# FINALLY a good rebatch



## newbie (May 9, 2014)

In four years of soaping, I have never once had a rebatch that I liked. Never. They all have looked like a khaki booger. Ha! My day has come. This looks better than the original. Lost a little of the scent (Moroccan Fig and Sandalwood) but I think I can fumigate some in somehow. Maybe. Made with a double dose of Maiboch beer (which, as you may have guessed, contributed to the reason I had to rebatch. Hot hot hot.)


----------



## CaraBou (May 9, 2014)

Wow, that looks like a marble countertop, way better than boogers!  Freaky, man!


----------



## jules92207 (May 9, 2014)

seriously awesome looking!


----------



## newbie (May 9, 2014)

Well, my son told me that this looks like hardened vomit and two other people told me it was ugly. I'm not certain why I like it but maybe it's like one's own children; you think they're cute when they are not. I was going to delete the thread but it doesn't allow me to! I think that ought to be changed, oh admins!


----------



## Dennis (May 9, 2014)

It's a winner.  A successful rebatch.  Is your son a teenager?


----------



## green soap (May 9, 2014)

The lapidary look.  It gets even more interesting and beautiful as the soap gets used up.  Good job!


----------



## newbie (May 9, 2014)

15, but I also had an adult tell me it is ugly and also a very polite girl. It's strange. I keep trying to look at it with objective eyes and I can see how the brown could be off-putting but I can't quite see it as ugly. It's got lots of variegation in it that you can't see in the picture but maybe it is just kind of yuck. I'll have to keep going back to it.


----------



## eyeroll (May 9, 2014)

Def not ugly. Looks like granite, as a pp said.


----------



## Dennis (May 9, 2014)

I figured teenager as soon as it was compared to dried vomit.  Read Zits everyday; it's the survival guide for parents of teens.  
It's good soap.  Looks great and will get better as you use it.
Was the very polite girl a very polite teenage girl?  Same thing.  Still a teenager. As for the adult perhaps that person has bad memories of childhood after helping his dad rob a bank and was then force fed brussels sprouts his dad bought with the ill gotten gains.  You just never know. :Kitten Love:


----------



## newbie (May 10, 2014)

Well, when he was a kid, his mother did chase him down the hall, beating him with powder blue tennis shoes she had bought from him to wear. He refused. So does the refusal make him sane, so I should believe him, or was the beating with powder blue shoes so humiliating that he is permanently incapable of recognizing beauty in the unconventional?


----------



## eyeroll (May 10, 2014)

newbie said:


> Well, when he was a kid, his mother did chase him down the hall, beating him with powder blue tennis shoes she had bought from him to wear. He refused. So does the refusal make him sane, so I should believe him, or was the beating with powder blue shoes so humiliating that he is permanently incapable of recognizing beauty in the unconventional?

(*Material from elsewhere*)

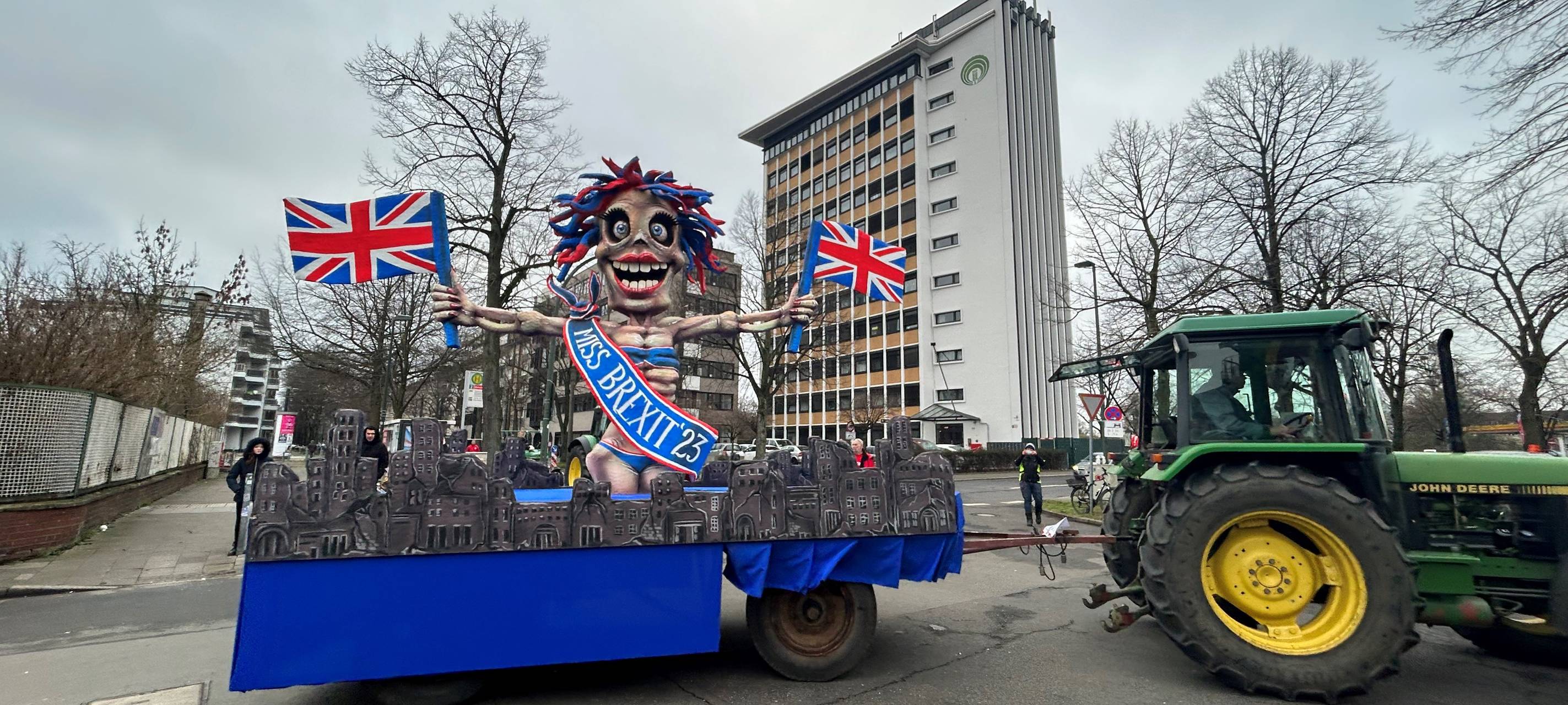 Die Mottowagen vom Düsseldorfer Rosenmontagszug 2023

Oh man, it's him against the whole world (and your soap).  He's the classic antihero.


----------



## Dennis (May 10, 2014)

Poor kid.


----------



## kikajess (May 10, 2014)

It looks really organic and earthy and beautiful to me. Nicely done!


----------



## newbie (May 10, 2014)

Oh no. They were more like this, but they were powder blue Keds, which on a boy in the 70's was practically a death sentence. Now, why the plaid pants didn't toll the death knell is beyond my ken. 

I am assuming everyone is being honest, because I think they look funky and stony as well. I can't find them ugly, even if I try.


----------



## cmzaha (May 10, 2014)

newbie said:


> In four years of soaping, I have never once had a rebatch that I liked. Never. They all have looked like a khaki booger. Ha! My day has come. This looks better than the original. Lost a little of the scent (Moroccan Fig and Sandalwood) but I think I can fumigate some in somehow. Maybe. Made with a double dose of Maiboch beer (which, as you may have guessed, contributed to the reason I had to rebatch. Hot hot hot.)

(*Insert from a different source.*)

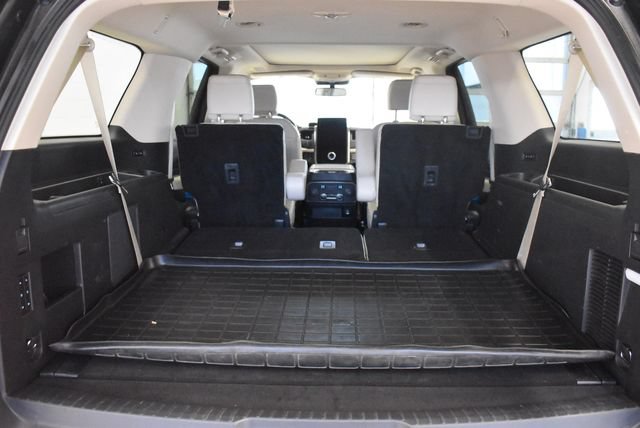 Used 2024 Ford Expedition Max Platinum AWD/4WD image 16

LOL, I am with you on rebatch, which is why I turn them into scrubby mud bars or charcoal soap!! I hate rebatching. The fragrance sounds like something I would like. Is it usually a strong fo? The look of them really fits the fo


----------



## Dennis (May 10, 2014)

newbie said:


> oh no. They were more like this, but they were powder blue keds, which on a boy in the 70's was practically a death sentence. Now, why the plaid pants didn't toll the death knell is beyond my ken.


----------



## newbie (May 11, 2014)

Oh god, our family pictures from then are just classics. Such dreadful fashions. Shudder.

I love the mix of BB's Moroccan Fig and their Sensuous SAndalwood (1:1). It's fairly strong so you don't need to add a lot. The Fig really moves though, even at the 1:1 ratio.


----------



## Ael (May 11, 2014)

I am likely to get jumped on for this, but on forums like this no one is going to give anyone anything, other than praise, no matter what the end product looks like.

I was sent this fugly bar of soap from a professional shop, the pic is likely still in the review area someplace, and people had no trouble telling me it was ugly, nasty, and, according to a couple, looked like something a 6 year old would make. I've seen some closely resembling bars since that time and no one has anything other than extensive words of praise for them.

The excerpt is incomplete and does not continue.